Assigned task: Nothing but the lines from the one containing "Free boxes - pick up asap - photo 3" to the final line of the entries should appear, copied exactly and without pictures.

Brief descriptive captions
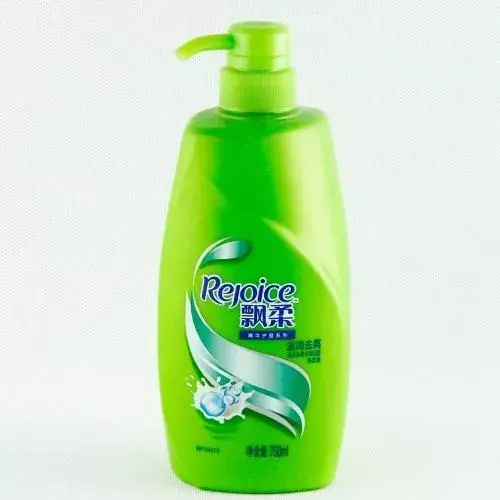 无奈买了11p暗夜绿色;两年后觉得暗夜绿色是能经得起时间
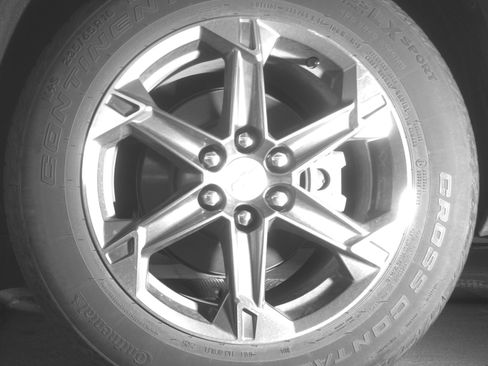 Used 2025 Chevrolet Blazer LT FWD image 14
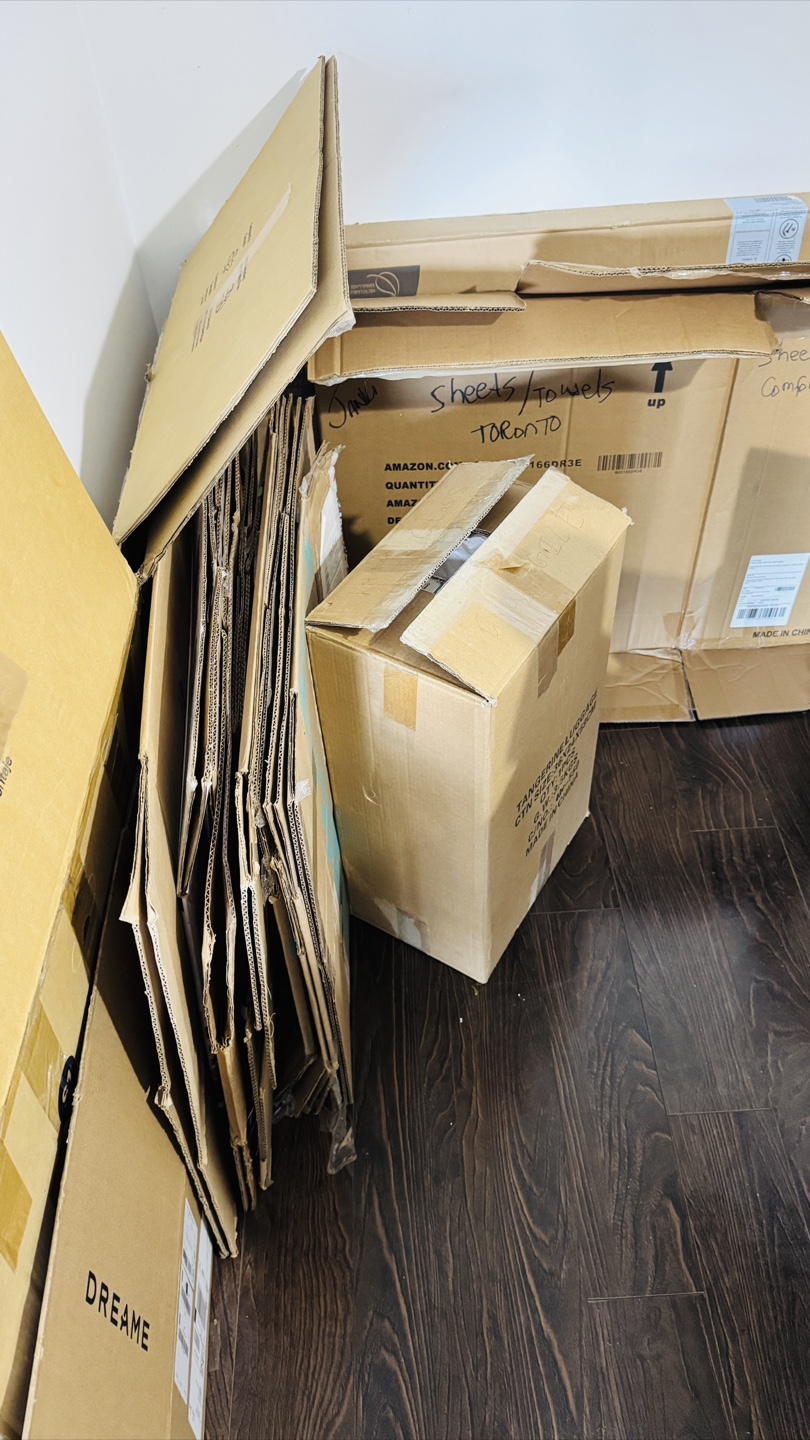 Free boxes - pick up asap - photo 3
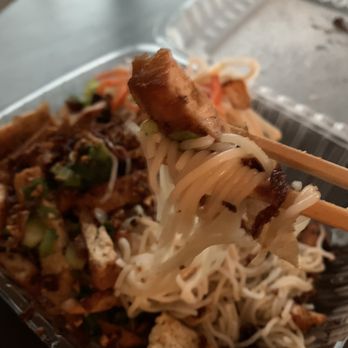 Green Tree - 82. Vegetarian Vermicelli Bowl with Chinese Mushrooms, Ham, Fried & Grilled Tofu - Vietnamese Near Me - Seattle, Washington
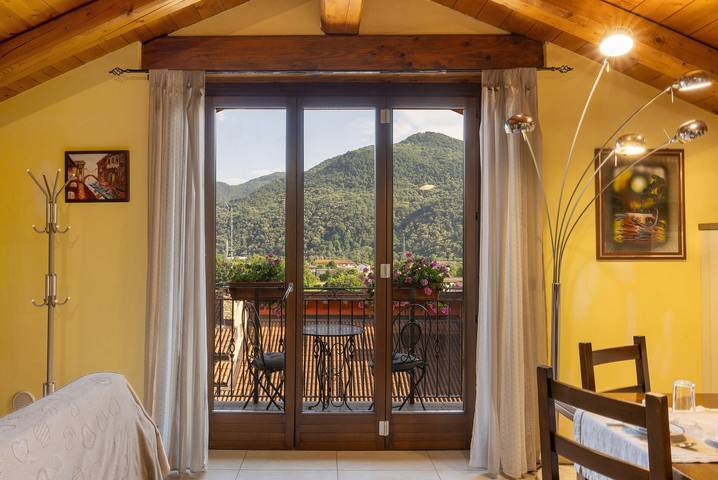 Hel lejlighed, Apartment 'Bb Doria Valle Maira' with Mountain View, Terrace, Wi-Fi - Free Breakfast in Roccabruna, Cuneo Provinsen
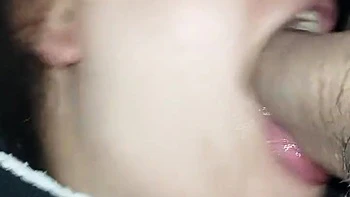 Maddening Blowjob, She Shakes Her Mouth Hard On The Cock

Task result:
 Free boxes - pick up asap - photo 3
 Green Tree - 82. Vegetarian Vermicelli Bowl with Chinese Mushrooms, Ham, Fried & Grilled Tofu - Vietnamese Near Me - Seattle, Washington
 Hel lejlighed, Apartment 'Bb Doria Valle Maira' with Mountain View, Terrace, Wi-Fi - Free Breakfast in Roccabruna, Cuneo Provinsen
 Maddening Blowjob, She Shakes Her Mouth Hard On The Cock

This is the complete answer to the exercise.